Photo: PTI
Photo: PTI

Listed companies asked to promptly disclose all details on default, inter-creditor pacts

  • BSE and NSE also announce additional surveillance measures for firms wherein creditors of a listed firm may have or are in process of taking action as per the IBC
  • The two bourses say developments related to the ICA are likely to have significant impact on prices of the securities of the listed entities

NEW DELHI : Amid pounding of share prices due to loan defaults and subsequent actions by lenders against borrower companies, all listed companies have been asked to promptly disclose to the exchanges all "material developments" relating to the defaults including about inter-creditor agreements.

The direction has been issued by the two leading stock exchanges, BSE and NSE, in consultation with the capital market regulator, Sebi (Securities Exchange Board of India).

Besides, the two exchanges have also announced additional surveillance measures for companies wherein creditors of a listed company may have or are in process of taking action as per the Insolvency and Bankruptcy Code (IBC) or Inter Creditor Agreement (ICA) resolution process.

In separate circulars, the two exchanges said developments related to the ICA are likely to have significant impact on prices of the securities of the listed entities whose assets have been deemed to be 'stressed' on account of default or delay of interest/principal payments. Therefore, developments such as signing of the ICA by lenders of a listed company is deemed to be "material" as it is likely to have significant impact on the ownership and governance of the company, the exchanges said, citing Sebi's disclosure regulations.

With a view to provide for early recognition, reporting and time-bound resolution of stressed assets, the RBI in June had issued certain directions to lenders, including banks, financial institutions, and systematically important NBFCs, as part of its Prudential Framework for Resolution of Stressed Assets Directions, 2019.

The framework provides for lenders to take a prima facie review of defaulting borrowers within 30 days of default. During this review period, the lenders may decide on a resolution strategy which may include putting in place a resolution plan or alternatively initiate legal proceedings under the IBC.

In cases where a resolution plan is to be implemented, all lenders can enter into an ICA during this review period to provide for ground rules for finalisation and implementation of the resolution plan in respect of borrowers with credit facilities from more than one lender.

Taking these developments into account, the exchanges have now asked all listed companies to promptly disclose all material developments pertaining to any default and about the ICA.

Besides, all entities who get confidential information in course of developments pertaining to default and/or ICA, will need to maintain confidentiality of such information, until the same is disclosed to the exchanges for public dissemination. These would include companies, lenders and any other entities who may have access to unpublished price sensitive information.
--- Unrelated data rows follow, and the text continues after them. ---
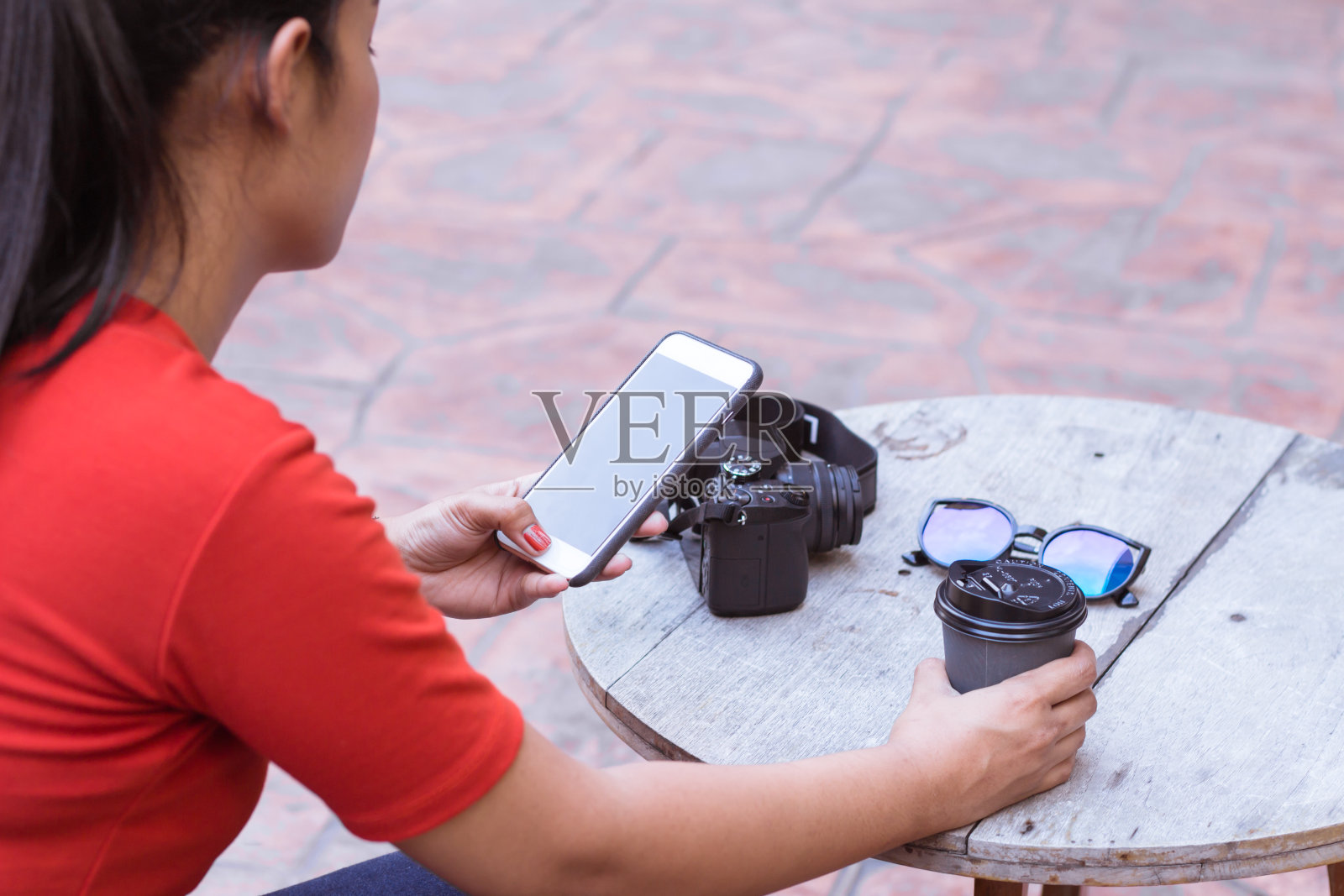 小女孩正在用手机玩网络，木桌上放着照相机、太阳镜、咖啡杯。照片摄影图片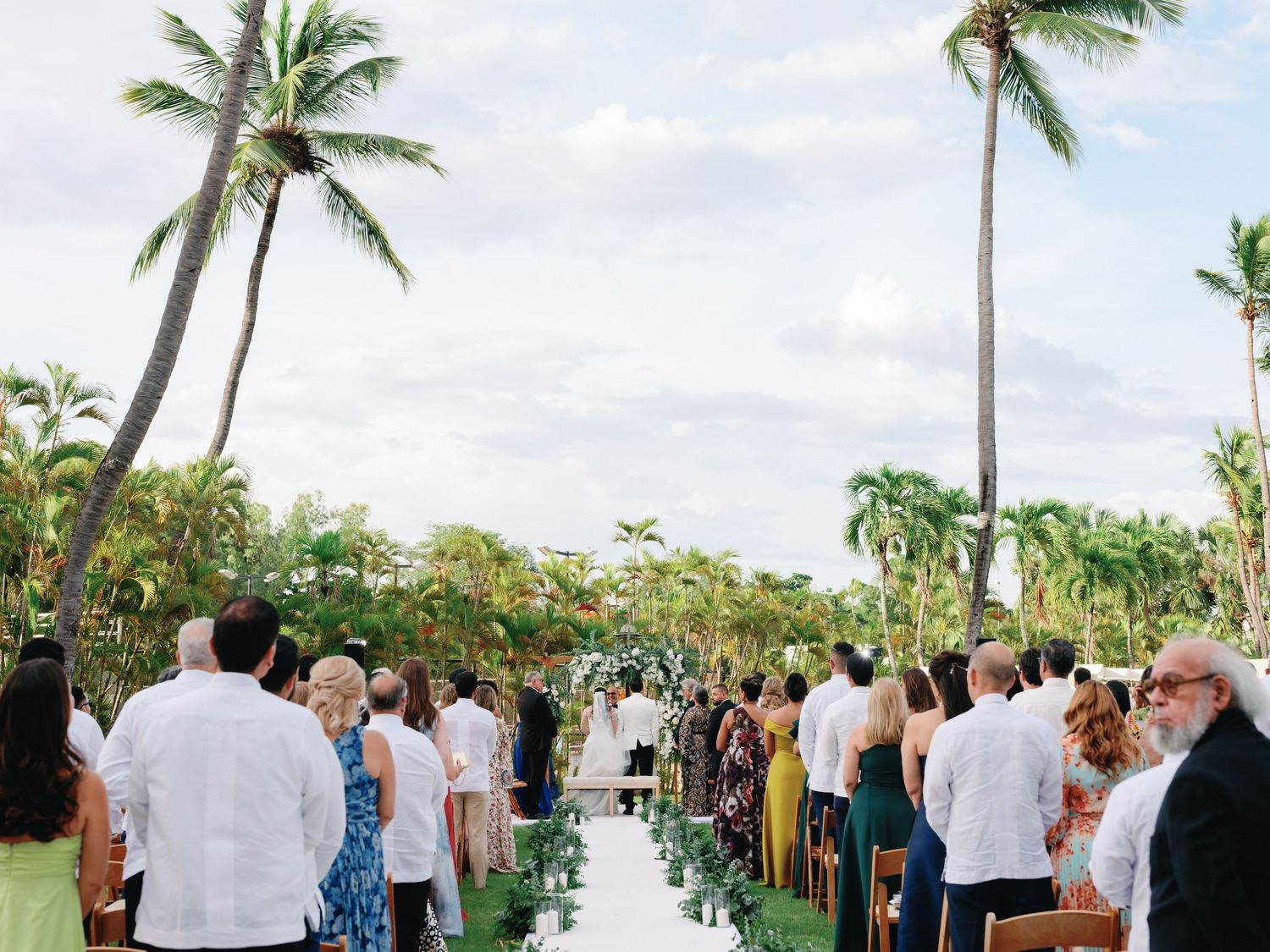 Outdoor wedding ceremony setup with palm trees and guests gathered under a tropical sky.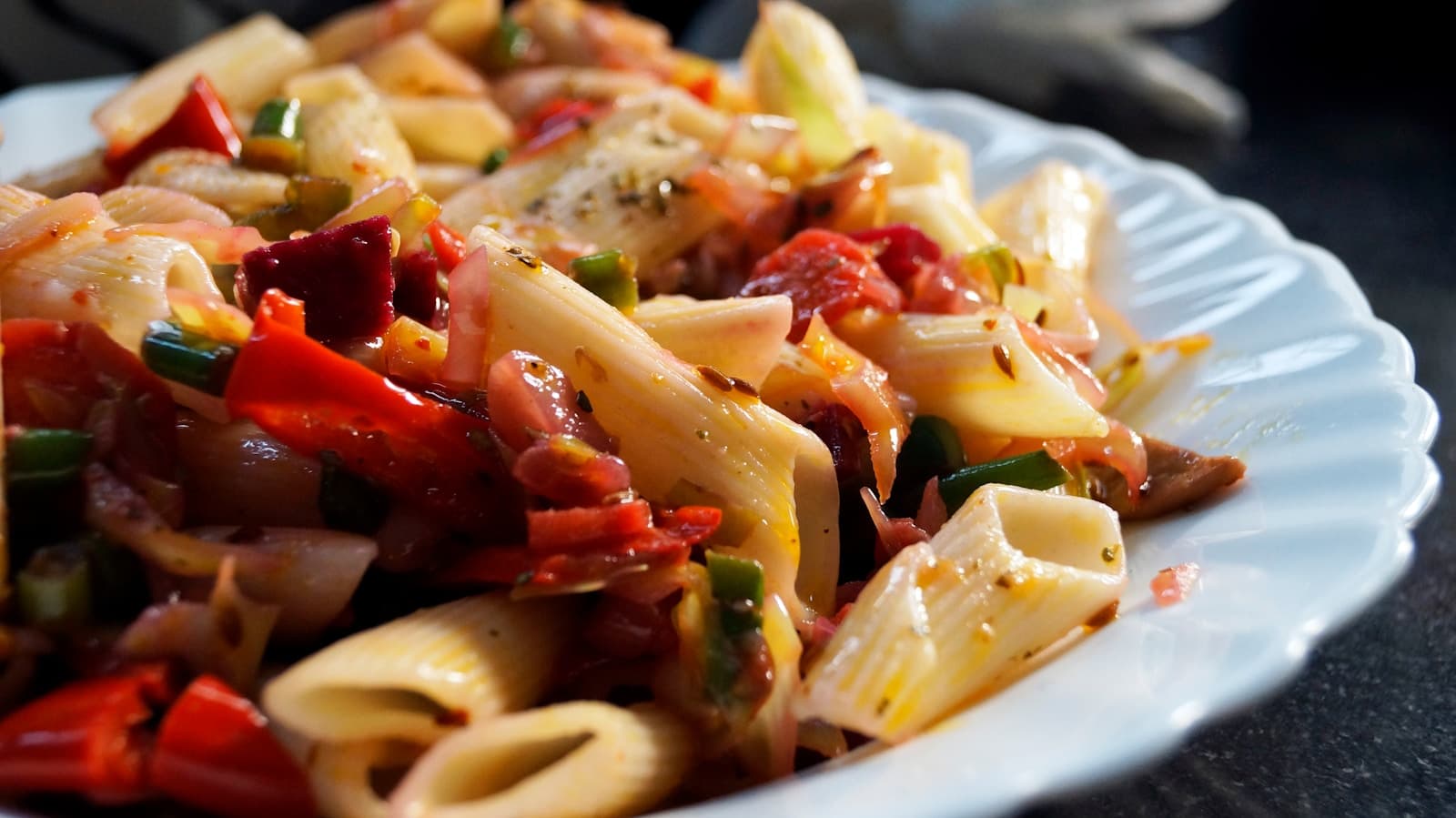 Colourful pasta with fresh vegetables served on a plate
However, these entities would need to ensure a strong and robust framework to maintain confidentiality of the unpublished price sensitive information and ensure that persons (including lenders and any other entities who may have access to UPSI) are put through necessary restrictions as required under the Sebi (Prohibition of Insider Trading) Regulations.

Besides, listed companies on their own would have to promptly confirm or deny (as the case may be) and clarify to stock exchanges regarding any rumours or news on developments pertaining to default and/or ICA.

The exchanges have asked listed companies to take note of the circular and comply accordingly.

Detailing the criteria for short-listing of securities for action and the surveillance action, the exchanges said additional surveillance would be applicable in case of a closing share price variation of more than 25% in five consecutive trading days, post disclosure of default.

The surveillance action in this case would be applicable margin rate of 40% or existing margin, whichever is higher, subject to maximum rate of margin capped at 100% from T+3 day for a minimum period of 15 days.

Post disclosure of ICA also, the additional surveillance action would be applicable in case of closing price variation of 25% in five consecutive trading days. However, the applicable margin rate for such stocks would be 100% from T+3 day for all clients for a minimum period of 15 days. The securities would exit from these surveillance measures in case the closing share price variation in the last 5 trading days is less than or equal to 25% as on review date.